• PROBLEM TO WORK ON:
Exactly reproduce the lines of the listing below from the one containing "First and foremost, in" through the one containing "A study of patients". Skip the images.

• SUPPLIED ENTRIES:
______

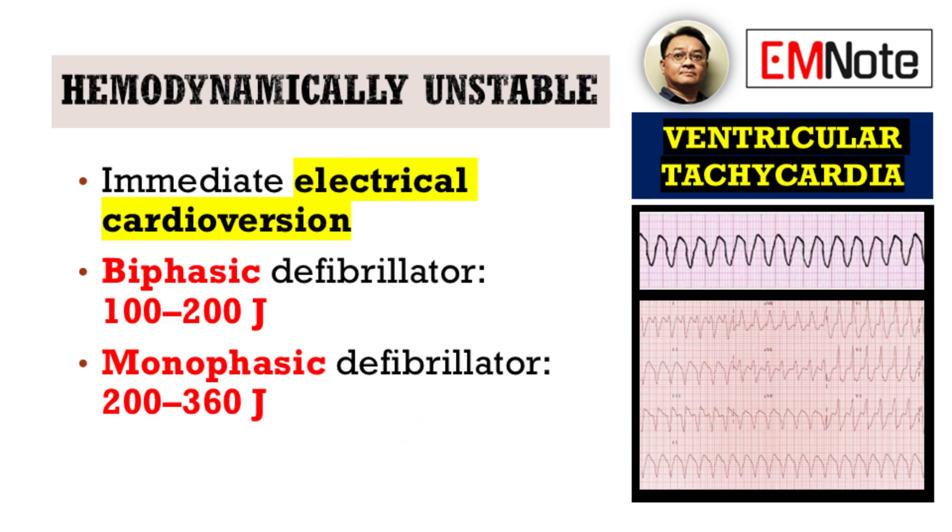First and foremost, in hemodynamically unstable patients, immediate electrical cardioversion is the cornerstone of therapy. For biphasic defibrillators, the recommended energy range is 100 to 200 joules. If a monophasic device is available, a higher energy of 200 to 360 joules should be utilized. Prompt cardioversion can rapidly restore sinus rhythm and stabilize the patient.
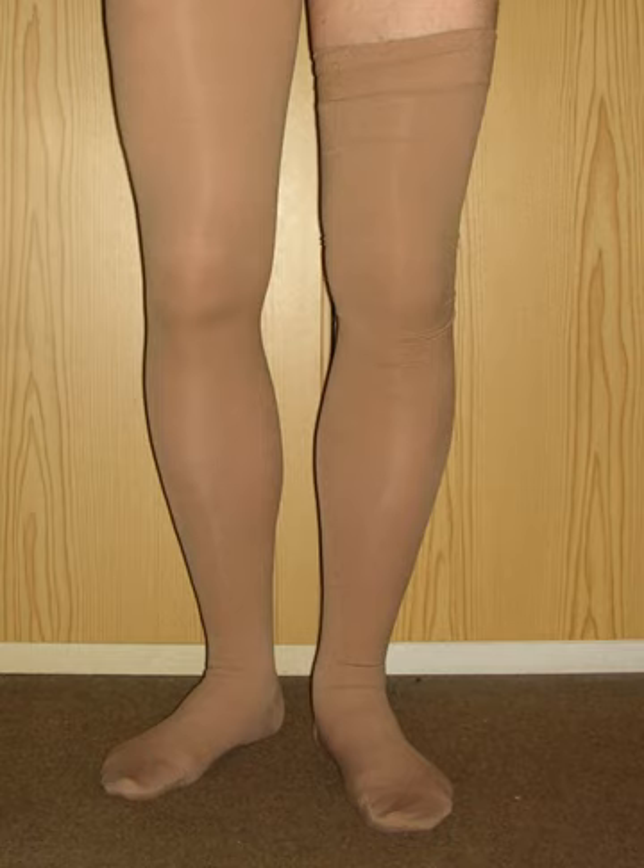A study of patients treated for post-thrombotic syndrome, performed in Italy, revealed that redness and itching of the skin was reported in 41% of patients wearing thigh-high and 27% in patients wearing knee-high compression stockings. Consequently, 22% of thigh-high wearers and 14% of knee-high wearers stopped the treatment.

______

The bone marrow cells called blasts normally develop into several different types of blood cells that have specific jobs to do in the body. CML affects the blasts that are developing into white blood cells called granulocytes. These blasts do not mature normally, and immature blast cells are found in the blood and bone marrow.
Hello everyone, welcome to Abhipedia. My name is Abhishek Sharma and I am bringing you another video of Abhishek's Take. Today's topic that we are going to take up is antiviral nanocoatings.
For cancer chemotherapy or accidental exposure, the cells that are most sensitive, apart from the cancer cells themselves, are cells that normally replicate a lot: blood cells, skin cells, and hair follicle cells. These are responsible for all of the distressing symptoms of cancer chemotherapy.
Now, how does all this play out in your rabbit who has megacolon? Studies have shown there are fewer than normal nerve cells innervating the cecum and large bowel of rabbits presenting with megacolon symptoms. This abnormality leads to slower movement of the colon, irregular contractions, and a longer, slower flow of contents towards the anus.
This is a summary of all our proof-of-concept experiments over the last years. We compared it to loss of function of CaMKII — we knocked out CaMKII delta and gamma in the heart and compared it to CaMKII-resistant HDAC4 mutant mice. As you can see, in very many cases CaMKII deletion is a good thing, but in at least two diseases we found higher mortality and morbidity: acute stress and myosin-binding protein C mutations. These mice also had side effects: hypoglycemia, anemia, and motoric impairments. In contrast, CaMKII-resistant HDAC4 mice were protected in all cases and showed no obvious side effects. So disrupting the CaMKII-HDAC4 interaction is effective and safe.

______

• OUTPUT:
First and foremost, in hemodynamically unstable patients, immediate electrical cardioversion is the cornerstone of therapy. For biphasic defibrillators, the recommended energy range is 100 to 200 joules. If a monophasic device is available, a higher energy of 200 to 360 joules should be utilized. Prompt cardioversion can rapidly restore sinus rhythm and stabilize the patient.
A study of patients treated for post-thrombotic syndrome, performed in Italy, revealed that redness and itching of the skin was reported in 41% of patients wearing thigh-high and 27% in patients wearing knee-high compression stockings. Consequently, 22% of thigh-high wearers and 14% of knee-high wearers stopped the treatment.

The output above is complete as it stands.